Easter: 3rd Sunday

3rd Sunday of Easter – Cycle C (1995)

We all like the idea of people getting “second chances.” It seems only fair, and it’s deeply ingrained in us. America is a country of second chances, a lot of times you hear it said that it’s the place where everyone can invent themselves all over again. If things don’t work out for you in one career, then just pick another one. If you need to get away from the place where you grew up, then just go somewhere else, maybe to California or Alaska, where everyone gets to start over, no questions asked. Starting over takes guts, we tell one another, and those who can pull it off deserve a pat on the back, or maybe even a made-for-television movie about your inspiring story.
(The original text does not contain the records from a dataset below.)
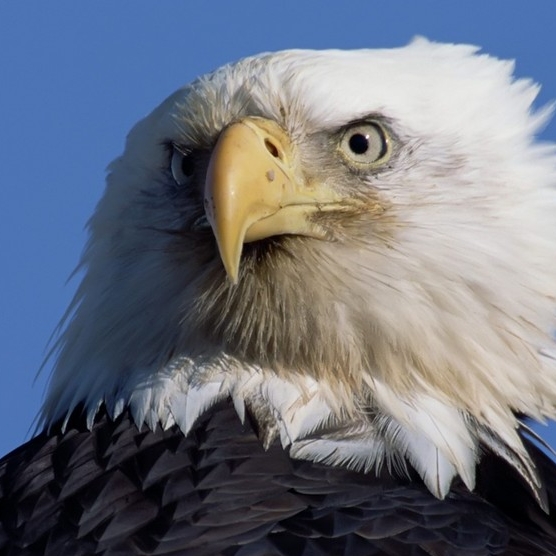 【旅行摄影师】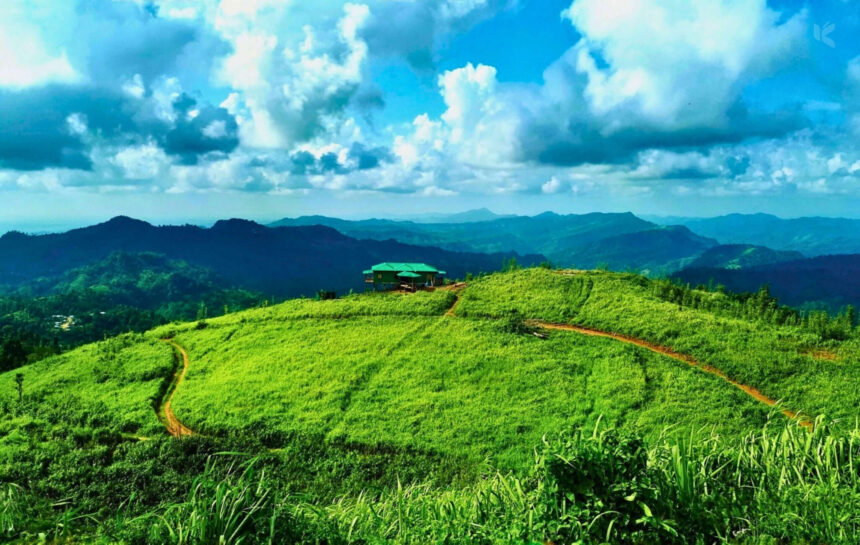 ময়মনসিংহ বিভাগ - কুহুডাক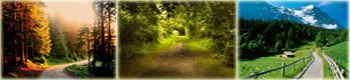 Viet Nam Travel Guide,travel to vietnam, travel in vietnam, vietnam tours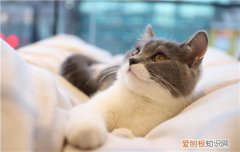 英短发腮期是什么时候 猫咪怎么样才容易发腮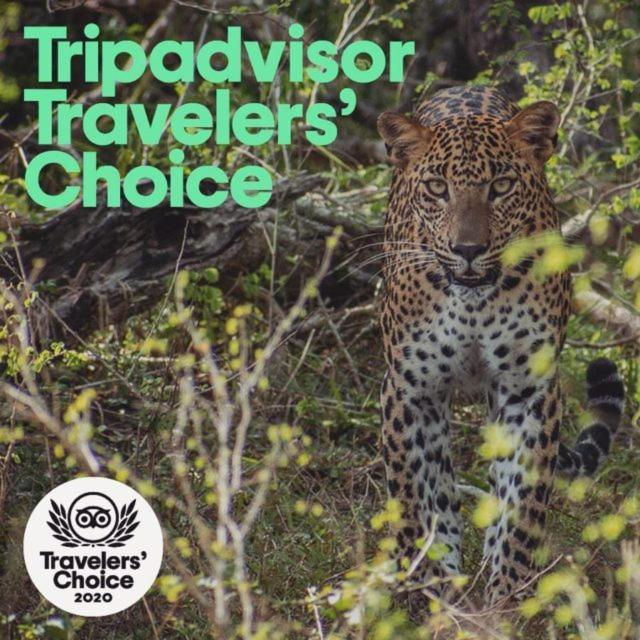 Отель Camp Leopard - Yala Safari Glamping Экстерьер фото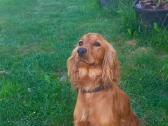 Parduodamas Cocker spanieliaus kalytė ir patinukas - nuotraukos Nr. 6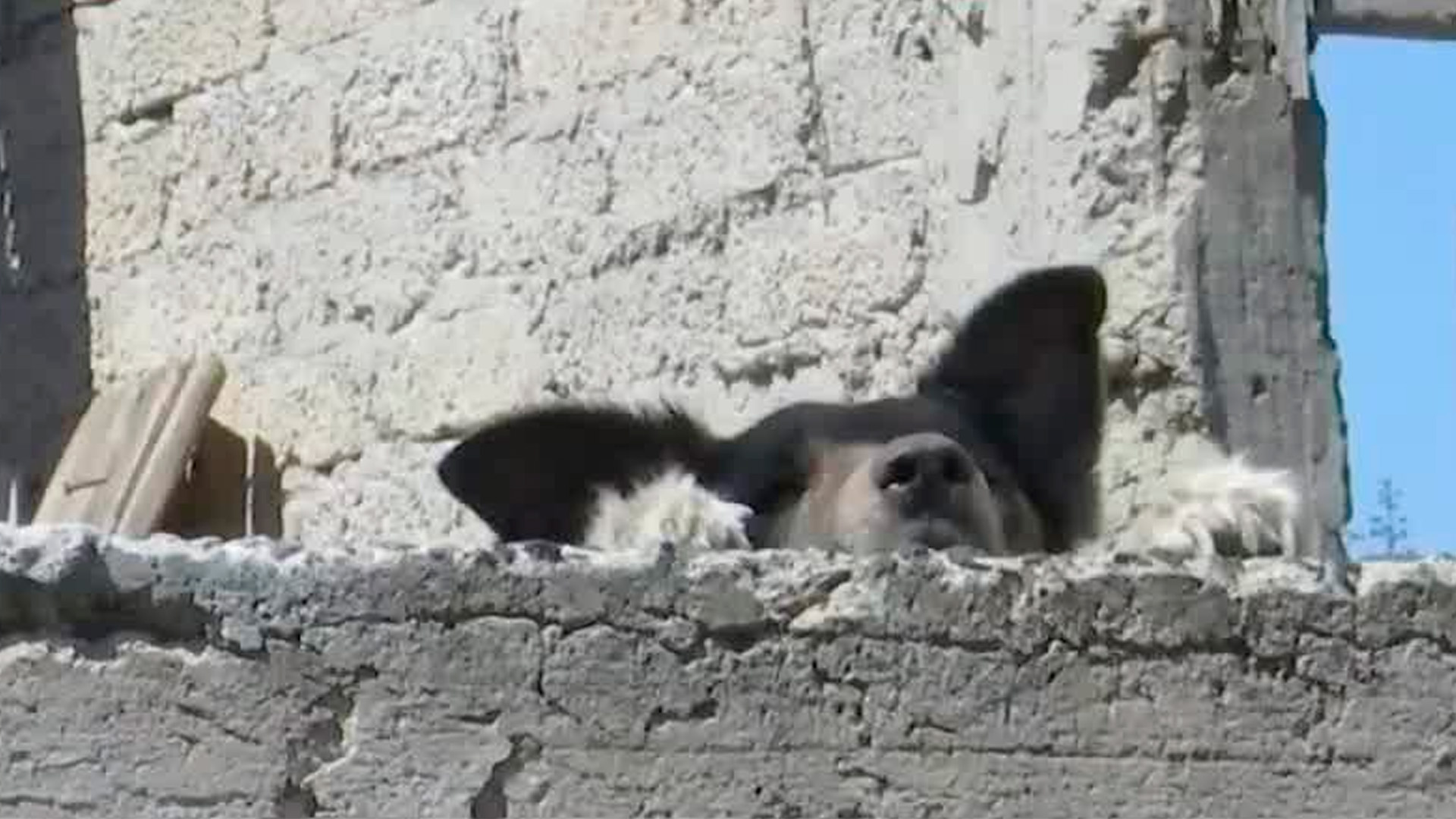 La CdMx combate los delitos contra los animales a través del C5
Seen in that light, today’s Gospel should be the perfect story for us. Because if there is ever a gospel which showed someone getting another chance who in almost every respect didn’t deserve it, it has to be this one. The big second chance, of course, is Peter’s. If there were ever anyone who needed a second chance, who felt complete misery at how he had ruined his life, failed at the thing most important to him, and betrayed his friends it had to be him. We hear this familiar story and what we forget is how desolate Peter must have felt before Jesus reappeared to him, a complete failure, the wrong choice from the start, obtusely missing most of the points that Jesus was trying to make while he was alive, and then even worse, watching him die from a distance, afraid to be seen with him. With Jesus’ death, he must have felt as though nothing could ever deliver him from the guilt and the defeat. And so he just went back to fishing.

And of course, he gets this chance to redeem himself. Everything about this story is meant to remind us about how Peter denied that he ever even knew Jesus, earlier in this same Gospel, denied him three times, sitting around a charcoal fire outside of the high priest’s palace in Jerusalem. And now, another fire, another three questions, this time, the answer “Lord, you know that I love you,” that makes up for “I do not know the man.” If anyone ever got new life from the resurrection, it was him.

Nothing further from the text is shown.